The phrase or sentence uses each grammar rule element to determine the recognition path. For example, examine the phrase describing travel plans, "I would like to drive from Seattle to New York," and note that there are elements that determine the resulting information. In this example, a person is planning to drive to New York from Seattle. This is a very simple illustration of what could be a very complex problem. Determining the same travel plans without limiting the method, direction, and travel destination would result in an infinite number of travel options.
The resulting information can be determined by restricting the available choices for a given sentence. Using this method, the resulting information can be composed only from certain choices, thus eliminating the possibility of an infinite number of travel plan combinations. The diagram in Figure 1 illustrates the choices in a sample phrase for a travel grammar:
Figure 1: Travel Grammar Choices
The elements of interest in the example phrase are as follows:
- Method of travel (fly or drive), specifically "drive"
- Travel direction (from or to), specifically "from"
- The city of origin for the travel plan (from), specifically "Seattle"
- Travel direction compliment (from or to), specifically "to"
- The city of destination for the travel plan (to), specifically "New York"

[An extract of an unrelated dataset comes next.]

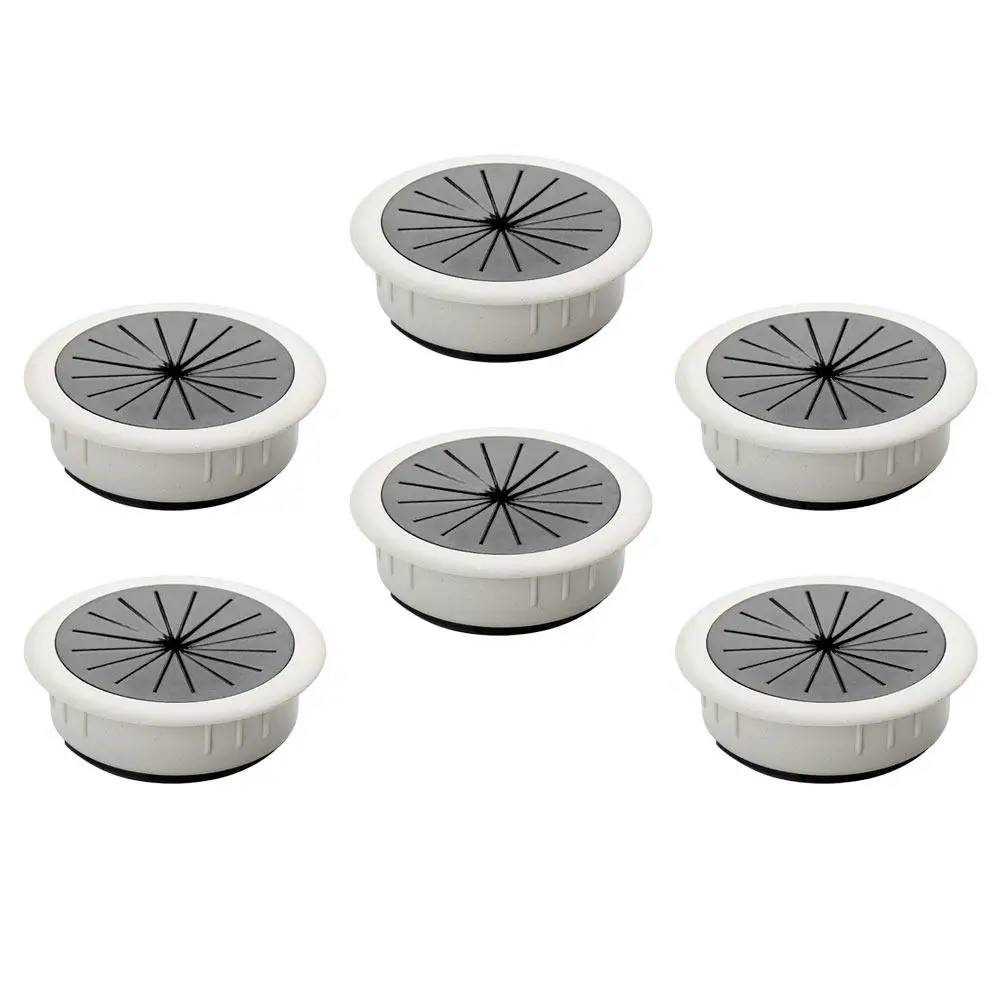 6Pcs Cable Hole Cover Desk Wire Grommet Zinc Alloy Black Desktop Organizer Pc Computer Cord Management Cable Organizer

The information can also be displayed as a graph of states and arcs, where each arc can have text (or semantic tags/properties) attached. The valid phrases are the unique paths through the graph, starting at the root and ending at a terminal state. In the diagram in Figure 2, each state is denoted by the term (root node, interim node, or null) for the terminal node. The spoken text is denoted by words surrounded by quotation marks. The semantic property names are denoted by bold, block quoted words.
Figure 2: Travel Grammar - States, Arcs, and Semantics
If the user speaks the following phrase:
I would like to travel from Seattle to New York.
Grammar rules become concatenated phrase elements. These phrase elements are limited to the defined set of grammars. Control can be significantly improved over the resulting information by restricting the input choice to a limited set of possibilities. Otherwise, obtaining the travel plan information from the same sample phrase, "I would like to travel from Seattle to New York," would be considerably more ambiguous.
The complexity of parsing the same sentence increases exponentially without using a defined set of choices. Imagine the possible number of combinations in a sentence that is not restricted to a finite list of combinations. For example, examine the possible choice combinations by moving the mouse over the following sentence.
To display the available choice selections in the example phrase, move the mouse over the underlined text below:
"I want to—(unknown travel method)—(unknown travel direction)—(unknown city)—(unknown travel direction) (unknown city)." The amount of predictable information is significantly reduced without the ability to constrain the available choices within a sentence.
The semantic structure (using name/value pairs) is:
[METHOD="drive"], [DIRECTION="from"], [CITY_1="Seattle"], [DIRECTION="to"], [CITY_2="New York"]
By parsing the semantic structure, the application can easily and accurately analyze the content of the original phrase, without parsing or analyzing individual words. The application developer can then write application logic to perform specific actions based on the previously mentioned semantic names, and specialize the action based on the values of each semantic property. The grammar author can add to or delete from the lists of words, without breaking the application logic.